SUPPLIED RECORDS:

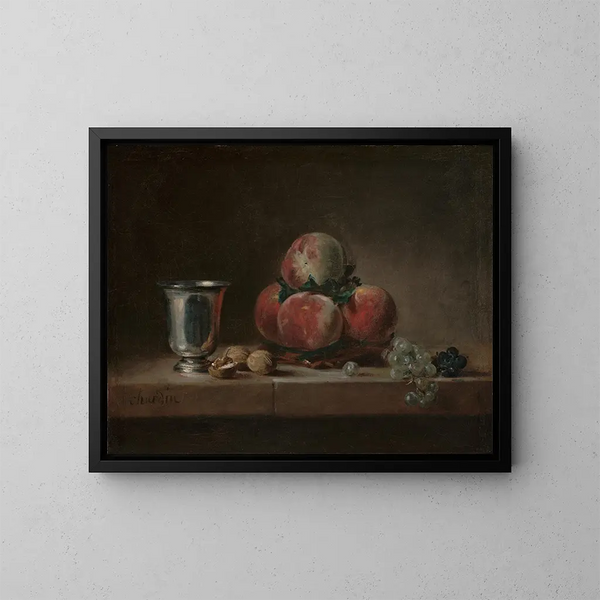 Luonnonkuva still life, jossa persikoita, hopeinen malja, viinirypäleitä ja pähkinöitä - Jean Siméon Chardin — kehystetty taideteos seinällä
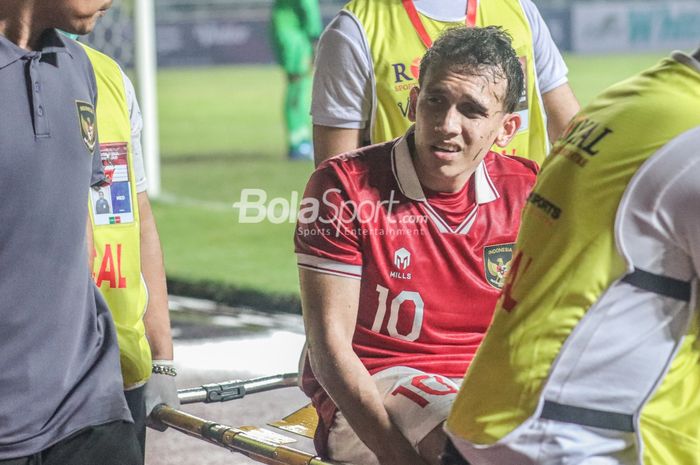 Egy Maulana Vikri saat ditandu tim medis dalam laga timnas Indonesia Vs Curacao di Stadion Pakansari, Bogor pada Selasa (27/9/2022).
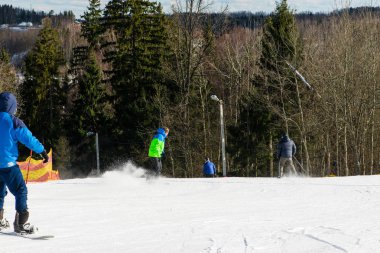 snowboard dağın içinde bir orman gezintisi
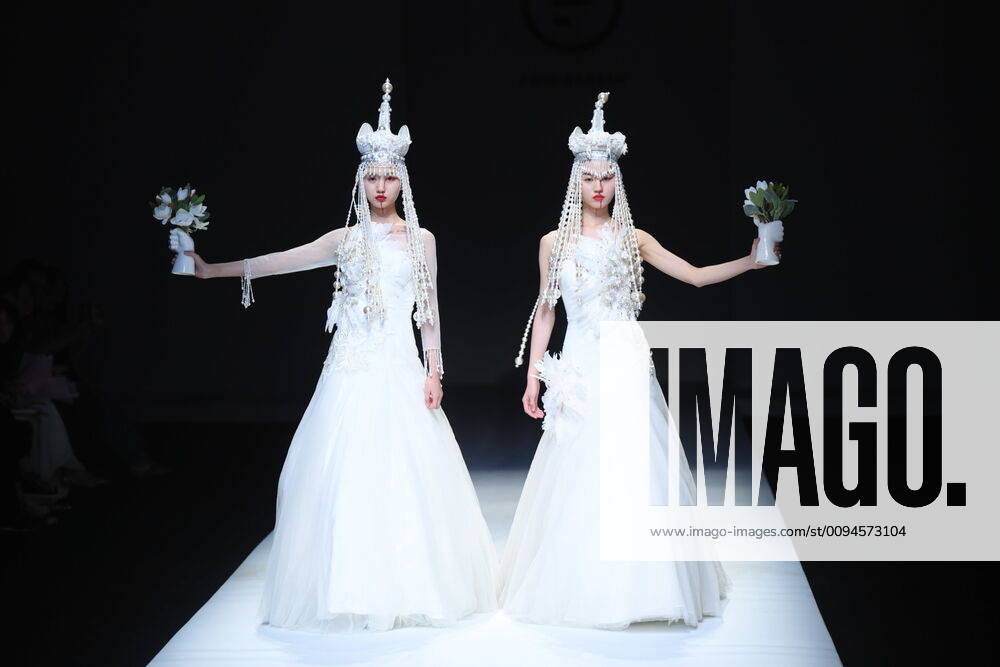 BeijingÃ¯Â¼Å’CHINA- FENGSANSAN, spring summer 2020 China international fashion week, Oct. 28, 2019. Beijing China - ZUMAs145 20191029_zaa_s145_078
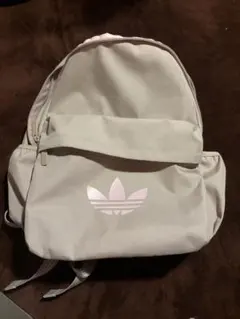 adidas Originalsのミニリュックです。のサムネイル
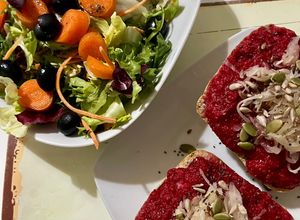 Foto di Hummus alla Barbabietola home-Made 😈🏡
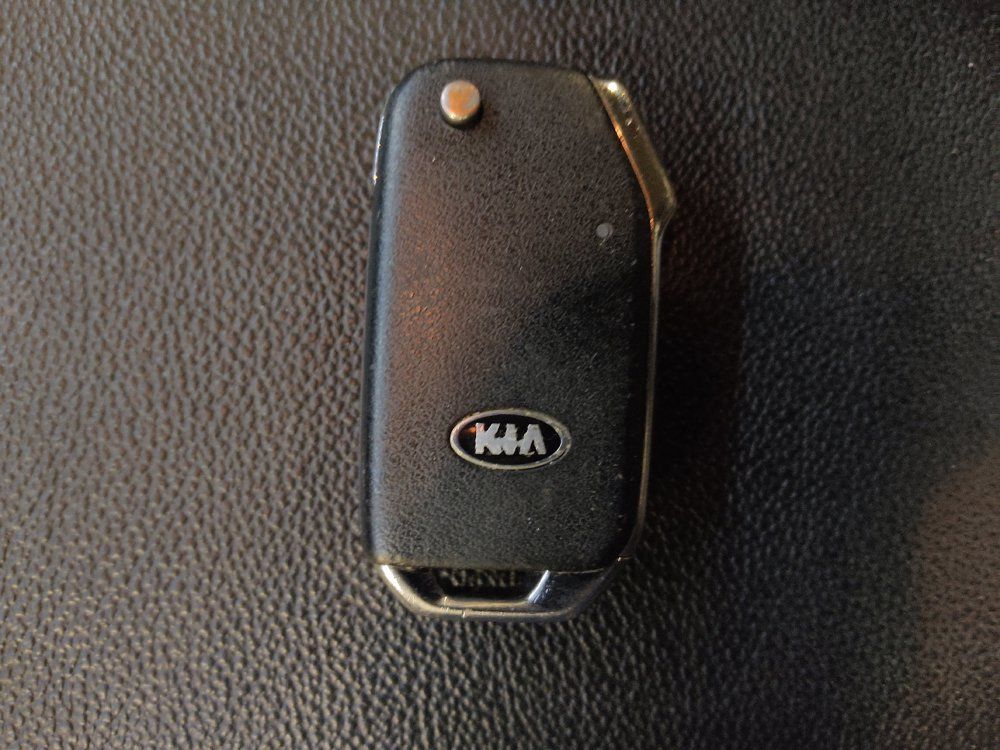 Used 2021 Kia Forte LXS FWD image 32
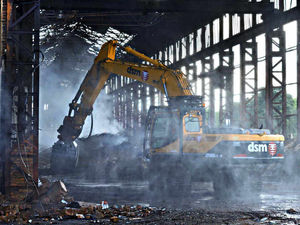 Supporting image for story: Huge Kidderminster blaze site still smouldering six weeks on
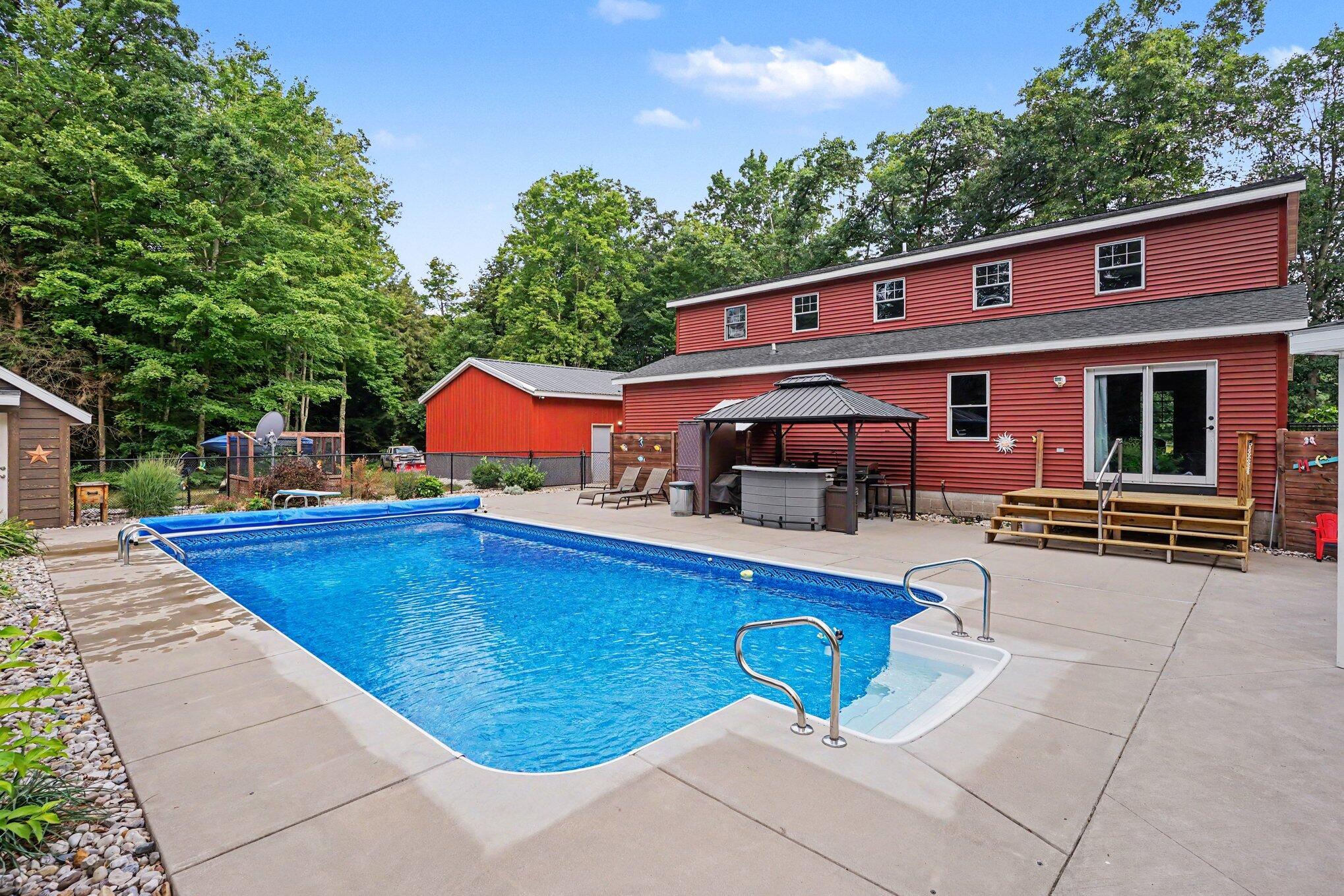 6914 128th Avenue Rothbury, MI 49452 - Photo 44 of 48 036_file_1697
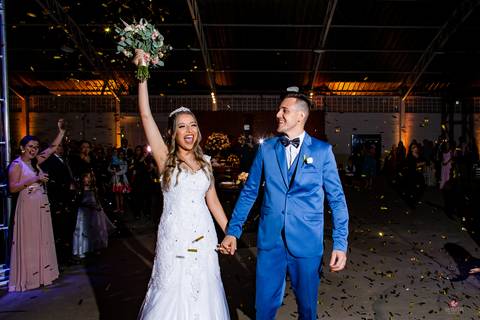 noiva mão ombro foto casal de noivos praça dos italianos morungaba sp fotografo interior'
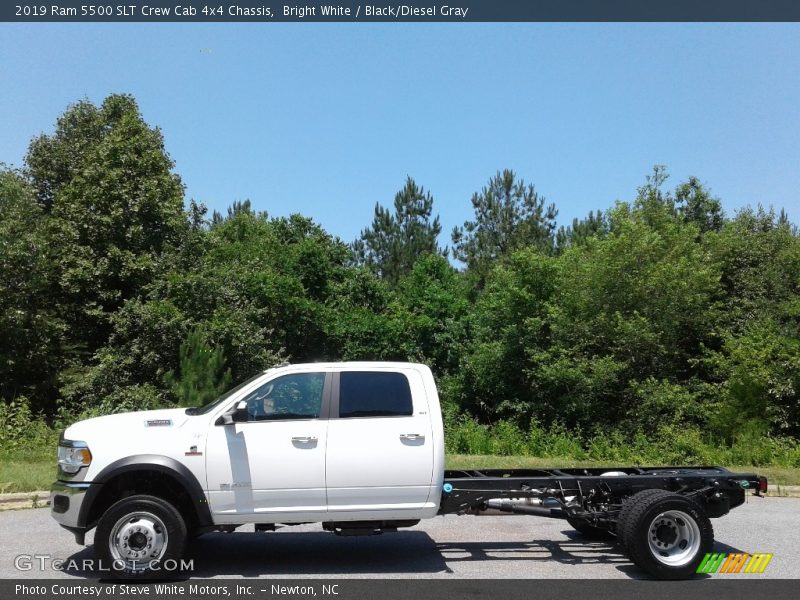 Bright White / Black/Diesel Gray 2019 Ram 5500 SLT Crew Cab 4x4 Chassis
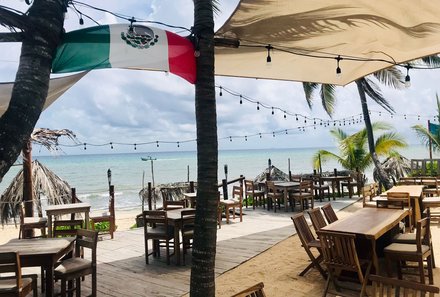 Mexiko Familienreise - Mexiko for family - Freizeit in Playa del Carmen - Strandterrasse Hotel Petit Lafitte
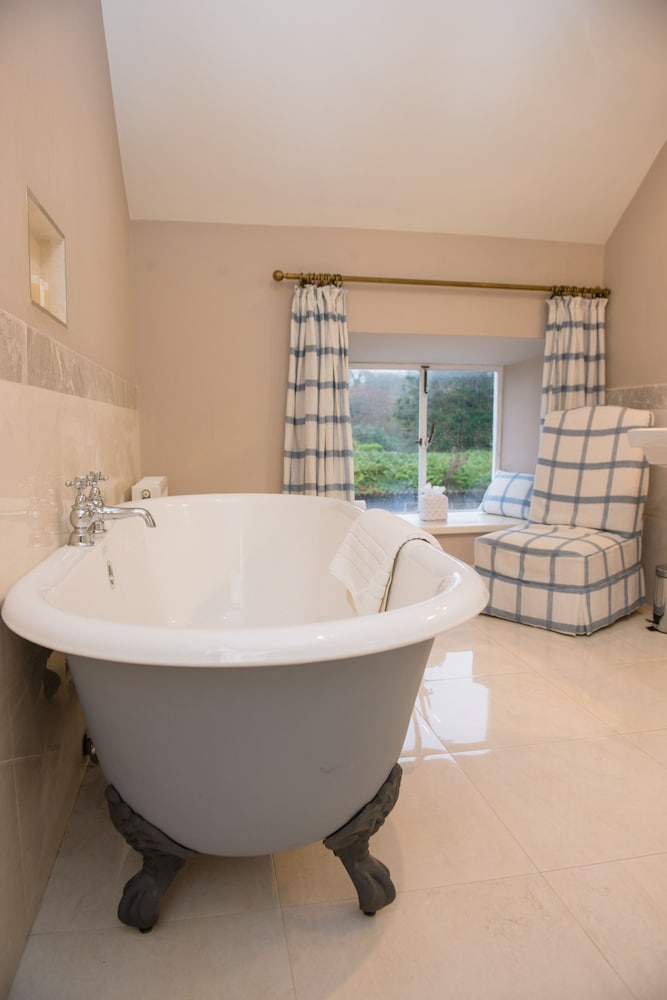 Superior Double or Twin Room photo 3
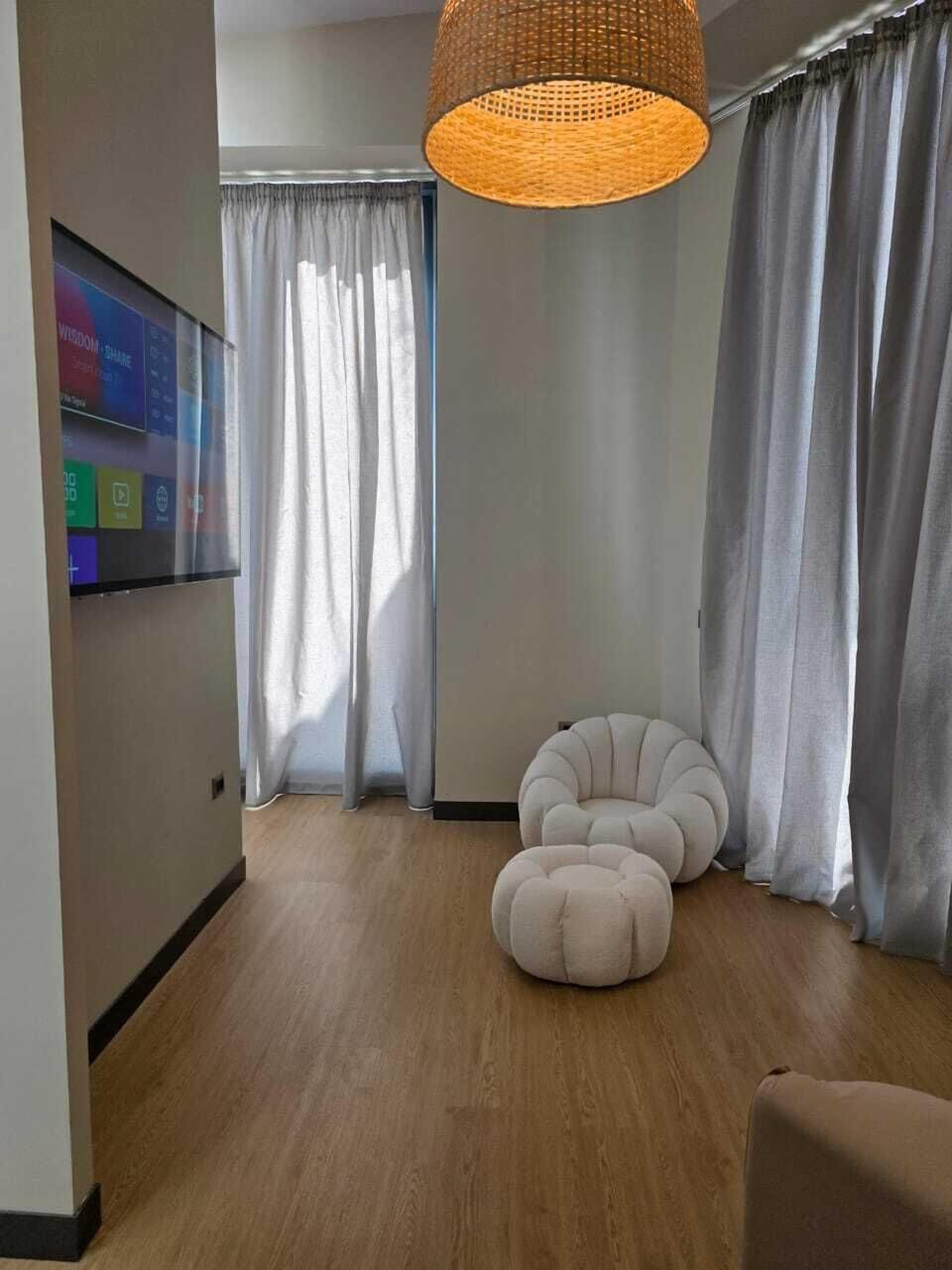 Luxury Suite, Sea View, Poolside | Egyptian cotton sheets, premium bedding, down comforters, minibar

GOAL OF THE EXERCISE:
Images in the records should not be copied. Repeat all the rest exactly.

SOLVED EXERCISE:
 Luonnonkuva still life, jossa persikoita, hopeinen malja, viinirypäleitä ja pähkinöitä - Jean Siméon Chardin — kehystetty taideteos seinällä
 Egy Maulana Vikri saat ditandu tim medis dalam laga timnas Indonesia Vs Curacao di Stadion Pakansari, Bogor pada Selasa (27/9/2022).
 snowboard dağın içinde bir orman gezintisi
 BeijingÃ¯Â¼Å’CHINA- FENGSANSAN, spring summer 2020 China international fashion week, Oct. 28, 2019. Beijing China - ZUMAs145 20191029_zaa_s145_078
 adidas Originalsのミニリュックです。のサムネイル
 Foto di Hummus alla Barbabietola home-Made 😈🏡
 Used 2021 Kia Forte LXS FWD image 32
 Supporting image for story: Huge Kidderminster blaze site still smouldering six weeks on
 6914 128th Avenue Rothbury, MI 49452 - Photo 44 of 48 036_file_1697
 noiva mão ombro foto casal de noivos praça dos italianos morungaba sp fotografo interior'
 Bright White / Black/Diesel Gray 2019 Ram 5500 SLT Crew Cab 4x4 Chassis
 Mexiko Familienreise - Mexiko for family - Freizeit in Playa del Carmen - Strandterrasse Hotel Petit Lafitte
 Superior Double or Twin Room photo 3
 Luxury Suite, Sea View, Poolside | Egyptian cotton sheets, premium bedding, down comforters, minibar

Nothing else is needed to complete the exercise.